WHAT YOU NEED TO DO: Find the line below with "House of CB" and the line with "China QUICK DRY". Output them and the lines between, exactly, but not the pictures.

+++ EXTRACTED DATA

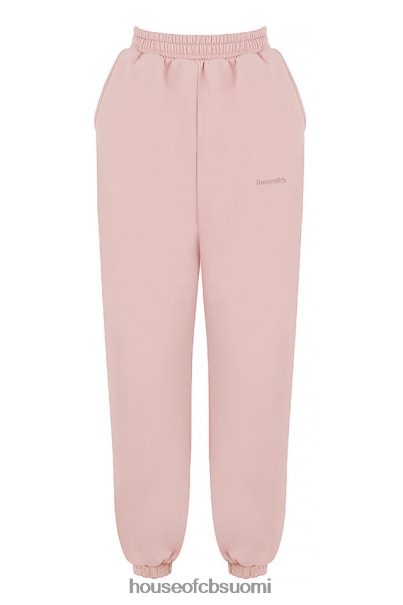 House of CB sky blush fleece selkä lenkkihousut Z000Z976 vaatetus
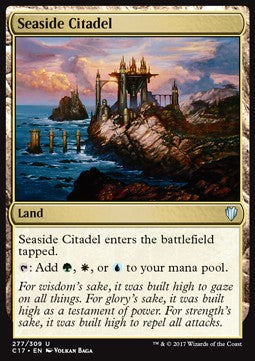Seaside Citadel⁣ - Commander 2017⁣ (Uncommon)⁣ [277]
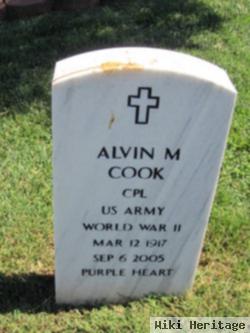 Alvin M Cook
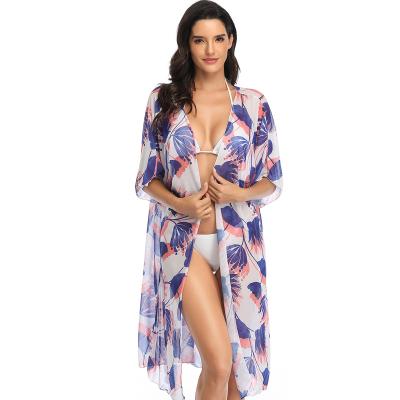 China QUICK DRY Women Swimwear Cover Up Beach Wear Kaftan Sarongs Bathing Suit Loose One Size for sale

++++++
+++ EXTRACTED DATA

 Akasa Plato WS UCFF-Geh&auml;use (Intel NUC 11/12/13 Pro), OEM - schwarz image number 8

++++++

TASK RESULT:
 House of CB sky blush fleece selkä lenkkihousut Z000Z976 vaatetus
Seaside Citadel⁣ - Commander 2017⁣ (Uncommon)⁣ [277]
 Alvin M Cook
 China QUICK DRY Women Swimwear Cover Up Beach Wear Kaftan Sarongs Bathing Suit Loose One Size for sale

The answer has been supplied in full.